Obrońcy praw zwierząt przekonują, że rozwój nauki umożliwia przeprowadzanie testów alternatywnych i zakaz wykorzystywania zwierząt nie odbiłby się na zdrowiu człowieka. Dowodem na to jest istnienie bardziej restrykcyjnej legislacji w zaawansowanych technologicznie krajach UE, jak Wielka Brytania, Holandia, państwa skandynawskie.

Znaczący wkład w pisaniu dyrektywy miało lobby koncernów farmaceutycznych, które nie chce ograniczeń. Polem starcia był m.in. los ssaków naczelnych, a szczególnie wielkich małp. Dla obrońców zwierząt niedopuszczalne jest łapanie w dżungli szympansów i przewożenie ich na testy w laboratoriach. Zdaniem koncernów niektóre typy chorób, np. Alzheimer, wymagają wykorzystywania tego gatunku. Ostatecznie dyrektywa mówi o ogólnym zakazie, ale w wyjątkowych przypadkach testy na małpach będą dozwolone. Koncerny są zadowolone. – Dyrektywa powinna poprawić dobrostan zwierząt bez zahamowania badań podstawowych, których celem są innowacyjne kuracje – uważa Brian Ager z unijnej federacji firm farmaceutycznych EFPIA.

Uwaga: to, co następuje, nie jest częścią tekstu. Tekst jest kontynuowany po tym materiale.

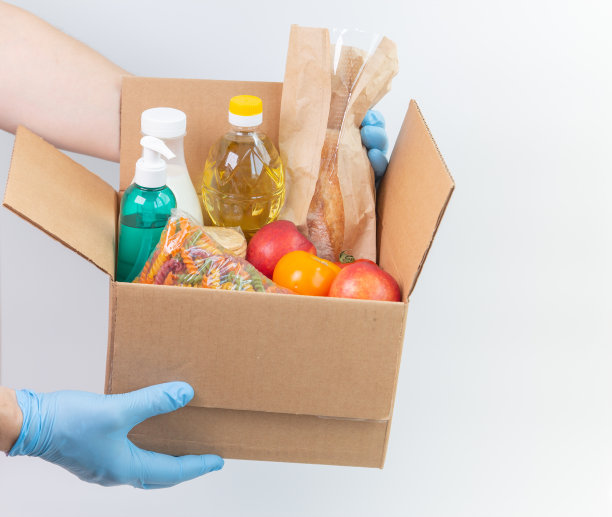 戴着乳胶手套的人拿着一个装有订购货物的箱子。被隔离的安全食品配送服务。网上食品购物服务或捐赠概念。白色背景。高质量的特写照片图片下载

Przepisy nie zabraniają niczego wprost, ale stwarzają standardy i procedury, które mają zmusić laboratoria do analizowania, czy wykorzystanie zwierzęcia jest konieczne i czy odbywa się w sposób najmniej dla niego bolesny.

Dyrektywa ma być wprowadzona do prawa 27 państw UE we wrześniu 2012 roku.